With pictures left out, retype exactly the lines from the one containing "used 2019 Honda CR-V car, priced at $23,277" through the final line of the entries.
BEGIN Records shown
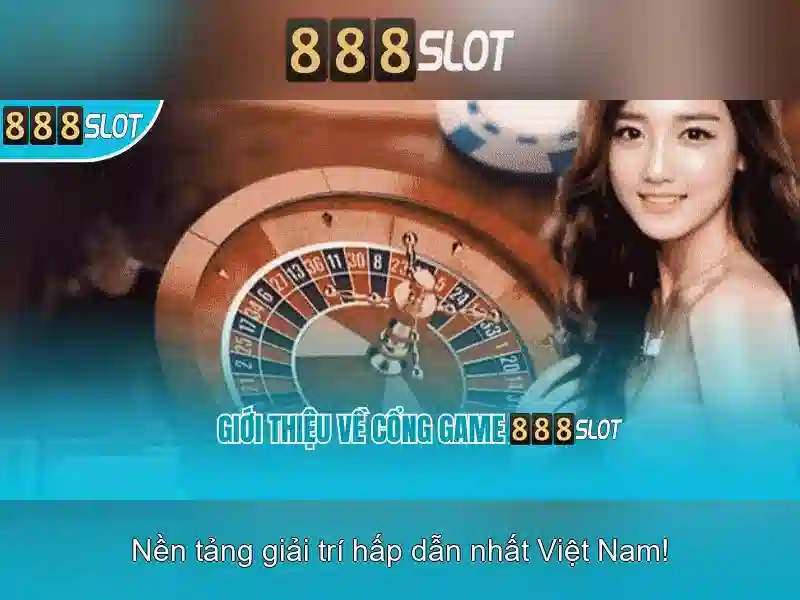 888slot: Nền tảng casino trực tuyến hàng đầu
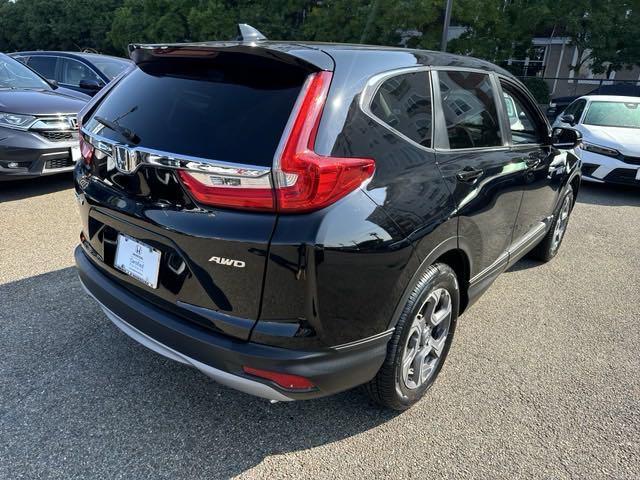 used 2019 Honda CR-V car, priced at $23,277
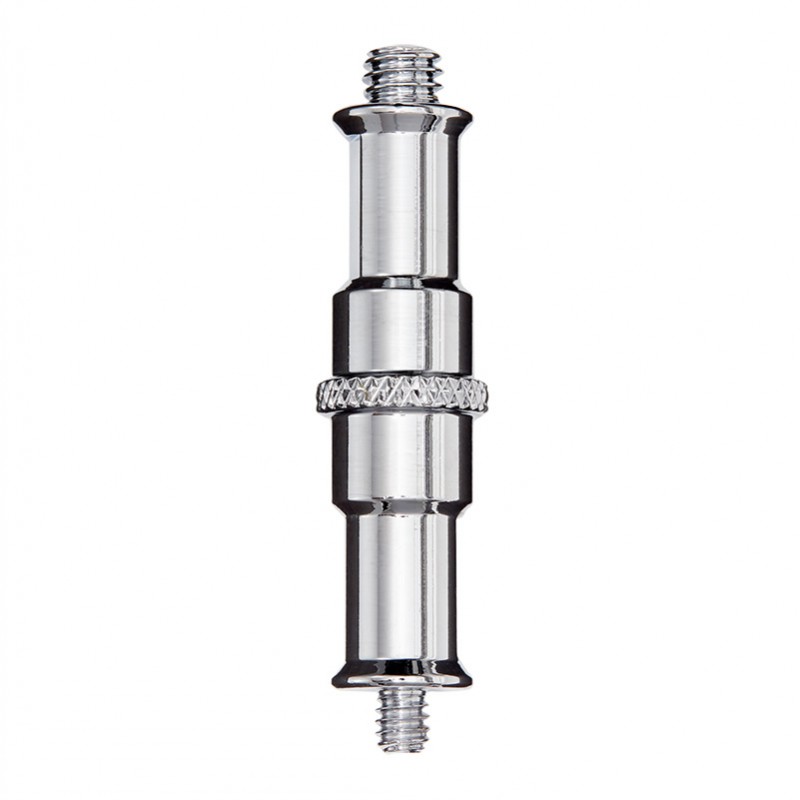 Spigot 5/8 - Vis 1/4 & 3/8'' avec méplat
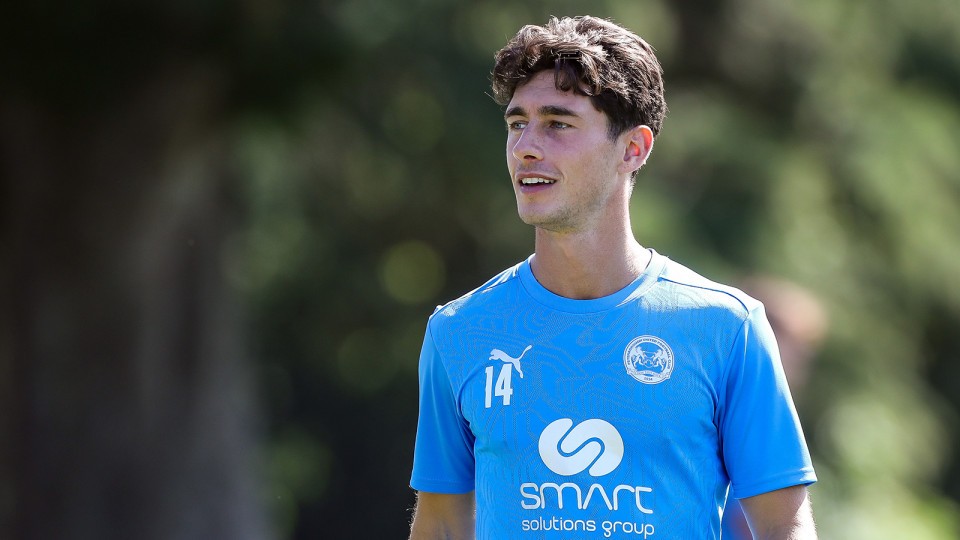 Pre-Season Fitness Testing Day Two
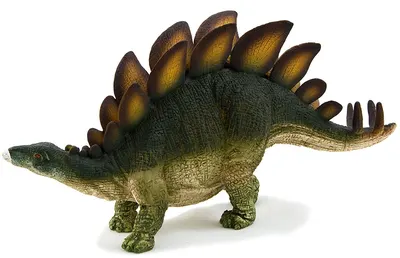 Figurina Mojo Prehistoric&Extinct - Stegosaurus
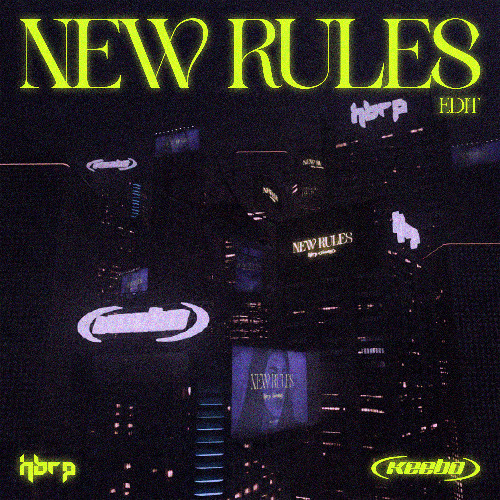 New Rules (hbrp, KEEBO Edit)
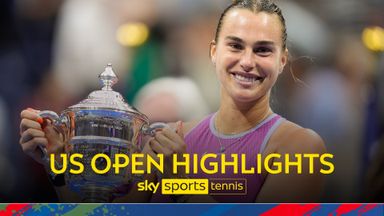 Sabalenka beats Pegula to claim maiden US Open title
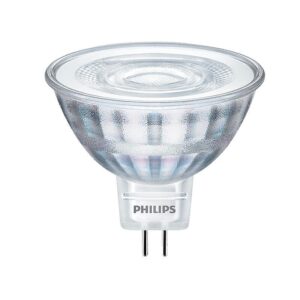 Lampe LED CorePro LEDspot MR16 GU5.3 7 W 621 lm 2700°K - Philips - 332859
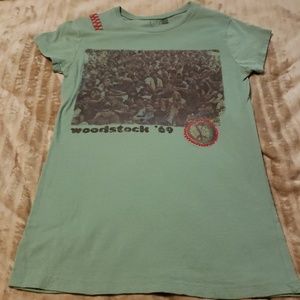 Vintage Woodstock T-shirt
END Records shown
### Solution
 used 2019 Honda CR-V car, priced at $23,277
 Spigot 5/8 - Vis 1/4 & 3/8'' avec méplat
 Pre-Season Fitness Testing Day Two
 Figurina Mojo Prehistoric&Extinct - Stegosaurus
 New Rules (hbrp, KEEBO Edit)
 Sabalenka beats Pegula to claim maiden US Open title
 Lampe LED CorePro LEDspot MR16 GU5.3 7 W 621 lm 2700°K - Philips - 332859
 Vintage Woodstock T-shirt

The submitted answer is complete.